- Vazhapadi Location in Tamil Nadu, India
- Coordinates: 11°39′22″N 78°24′06″E﻿ / ﻿11.65611°N 78.40167°E
- Country: India
- State: Tamil Nadu
- District: Salem

Area
- • Total: 8 km^{2} (3 sq mi)

Population (2011)
- • Total: 17,559
- • Density: 2,200/km^{2} (5,700/sq mi)

Languages
- • Official: Tamil
- Time zone: UTC+5:30 (IST)

= Vazhapadi =

Vazhapadi is a panchayat town in Salem district in the Indian state of Tamil Nadu. It is one of the 31 panchayat towns in the district, and is the administrative headquarters of in Vazhapadi taluk. Spread across an area of 8 km2, it had a population of 17,559 individuals as per the 2011 census.

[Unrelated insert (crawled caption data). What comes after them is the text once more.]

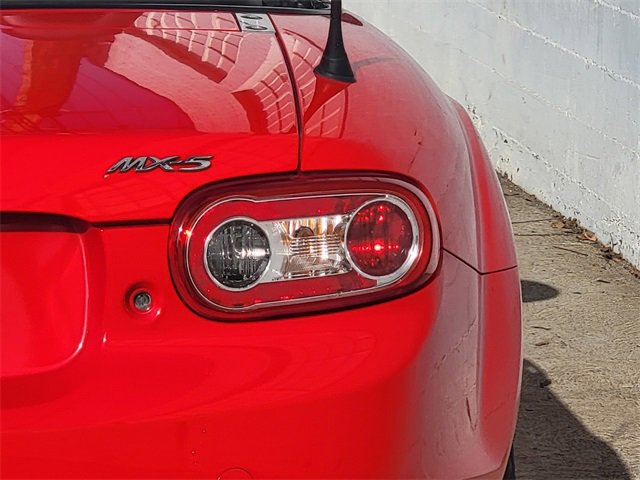 Used 2015 MAZDA MX-5 Miata Sport image 6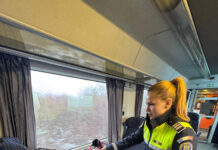 Polițiștii trag un semnal de alarmă: „Selfie-ul pe tren nu ia like-uri, ia vieți!”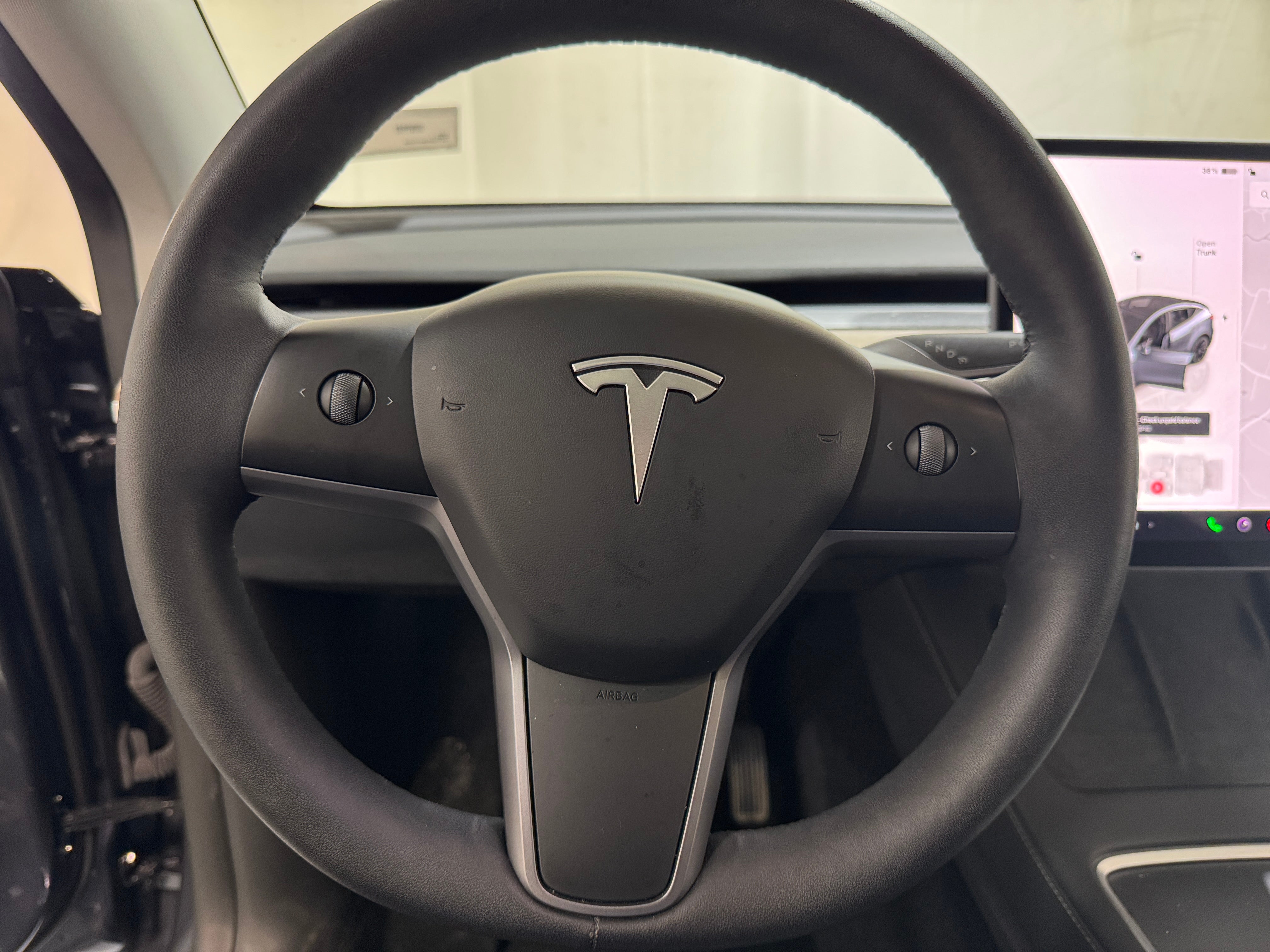 Thumbnail: 2023 Tesla Model Y - 4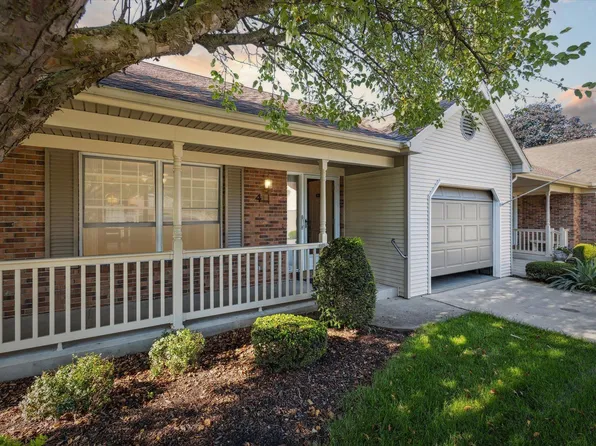 1410 Pembrook Cir #4, Goshen, IN 46526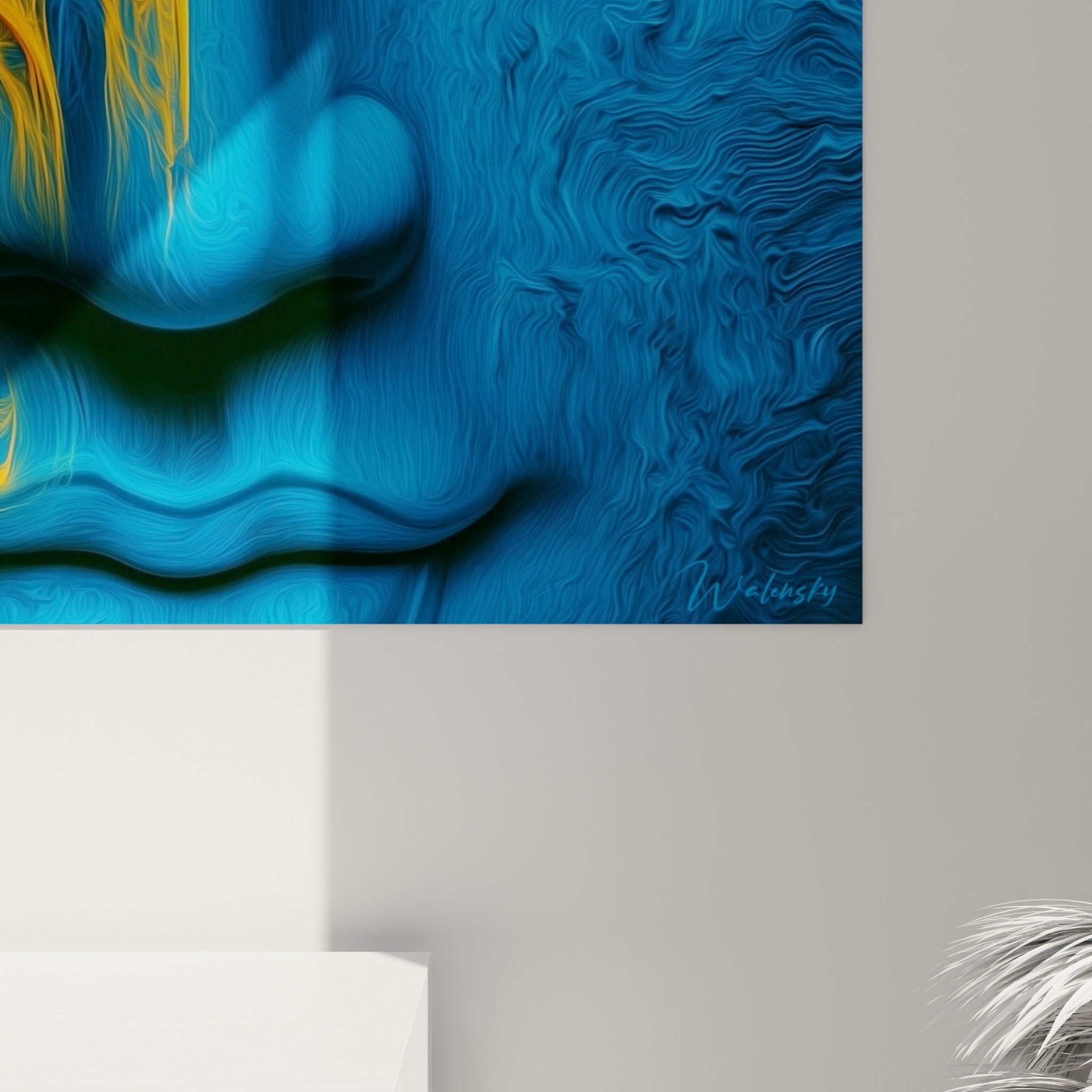 Détail des coulures dorées et du grain bleu anthracite sur la matière peinte du tableau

== Geography and administration ==
Vazhapadi is located in Salem district in the Indian state of Tamil Nadu. It is one of the 31 panchayat towns in the district, and is the administrative headquarters of in Vazhapadi taluk. It is spread across an area of 8 km2. The town panchayat is headed by a chairperson, who is elected by the members, who are chosen through direct elections. The town forms part of the Veerapandi Assembly constituency that elects its member to the Tamil Nadu legislative assembly and the Salem Lok Sabha constituency that elects its member to the Parliament of India.

==Demographics==
As per the 2011 census, Vazhapadi had a population of 17,559 individuals across 4,582 households. The population saw a marginal increase compared to the previous census in 2001 when 16,104 inhabitants were registered. The population consisted of 8,843 males and 8,716 females. About 1,679 individuals were below the age of six years. About 26.4% of the population belonged to scheduled castes. The entire population is classified as urban. The town has an average literacy rate of 82.3%.

About 41.6% of the eligible population were employed full-time, of which majority were involved in agriculture and allied activities. Hinduism was the majority religion which was followed by 95.4% of the population, with Islam (2.6%) and Christianity (1.9%) being minor religions.